As always with these stories, one wonders how in the world the police ever managed to do their job for centuries (as they have done) without relying on invasive and controversial technologies like this – but that is not the question most media outlets are willing to “bother” with just now.

Instead, we’re hearing from one of the Emirates, Dubai, that the thing with biometric surveillance of the population – handily justified as something positive, when there’s a criminal case that can be attached to the practice – has now gone well beyond fingerprinting, facial recognition, and such.

Biometric data pertaining to people’s gait – namely, the unique manner of walking – along with “body measurements” is now something that is apparently used as admissible evidence in the UAE.

One report refers to some limitations that the police turning “just” to security camera footage for evidence face in Muslim countries – namely, that people, including suspected perpetrators, might be unsuspiciously covered head to toe, including their faces, as a matter of religious and social custom.

And this is where the Dubai police were proud to announce that they arrested a male suspect in an apparent home invasion and robbery who dressed as a woman – i.e., wearing a full-body robe and face cover – because “biometrics” allowed them to discern his identity thanks to “the physical measurements and gait patterns.”

And to make such a conclusion, they must have already had the said biometric data in their possession to compare against.

The Dubai police tout this kind of investigative technique as “proactivity” – whatever that may mean, in terms of valid police investigations.

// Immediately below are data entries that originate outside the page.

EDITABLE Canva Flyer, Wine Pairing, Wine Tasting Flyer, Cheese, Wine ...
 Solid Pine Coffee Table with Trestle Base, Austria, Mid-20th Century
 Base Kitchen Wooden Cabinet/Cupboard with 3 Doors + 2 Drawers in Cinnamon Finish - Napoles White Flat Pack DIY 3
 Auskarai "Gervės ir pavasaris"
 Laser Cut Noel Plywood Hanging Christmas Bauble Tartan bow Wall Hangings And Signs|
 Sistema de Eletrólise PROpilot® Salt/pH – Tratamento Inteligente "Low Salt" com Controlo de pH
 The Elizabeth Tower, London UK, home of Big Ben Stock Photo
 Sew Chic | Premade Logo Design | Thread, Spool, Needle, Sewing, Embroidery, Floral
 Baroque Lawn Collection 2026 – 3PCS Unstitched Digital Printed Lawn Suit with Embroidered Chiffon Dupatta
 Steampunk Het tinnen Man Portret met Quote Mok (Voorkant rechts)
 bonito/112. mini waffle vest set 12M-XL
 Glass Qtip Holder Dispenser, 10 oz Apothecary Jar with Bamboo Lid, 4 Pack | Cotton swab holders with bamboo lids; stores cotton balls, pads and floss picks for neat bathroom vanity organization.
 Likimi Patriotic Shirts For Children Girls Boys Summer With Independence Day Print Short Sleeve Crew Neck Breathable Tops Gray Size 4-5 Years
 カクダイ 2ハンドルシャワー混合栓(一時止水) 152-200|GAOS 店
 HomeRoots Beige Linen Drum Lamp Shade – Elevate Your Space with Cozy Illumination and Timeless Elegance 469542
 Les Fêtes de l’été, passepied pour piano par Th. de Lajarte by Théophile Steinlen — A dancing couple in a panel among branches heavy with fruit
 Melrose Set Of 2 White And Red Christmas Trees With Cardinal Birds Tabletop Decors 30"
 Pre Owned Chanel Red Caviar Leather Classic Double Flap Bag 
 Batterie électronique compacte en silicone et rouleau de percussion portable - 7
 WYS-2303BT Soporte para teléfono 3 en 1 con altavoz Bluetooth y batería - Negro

In Dubai, as explained by Major General Ahmad Thani bin Ghalaita, it means this:

“Proactivity has become a binding act that requires us to anticipate future challenges and develop solutions, practices, and techniques to counter emerging criminal methods. Therefore, and per the directives of His Excellency Lieutenant General Abdullah Khalifa Al Marri, Commander-in-Chief of Dubai Police, we started utilizing biometric fingerprints other than the faceprint we used as visual forensic evidence to reveal the identity of the accused.”

Thus far, 2,290 cases have been “solved” by the police in Dubai using biometrics “other than face print as visual forensic evidence to reveal identities.”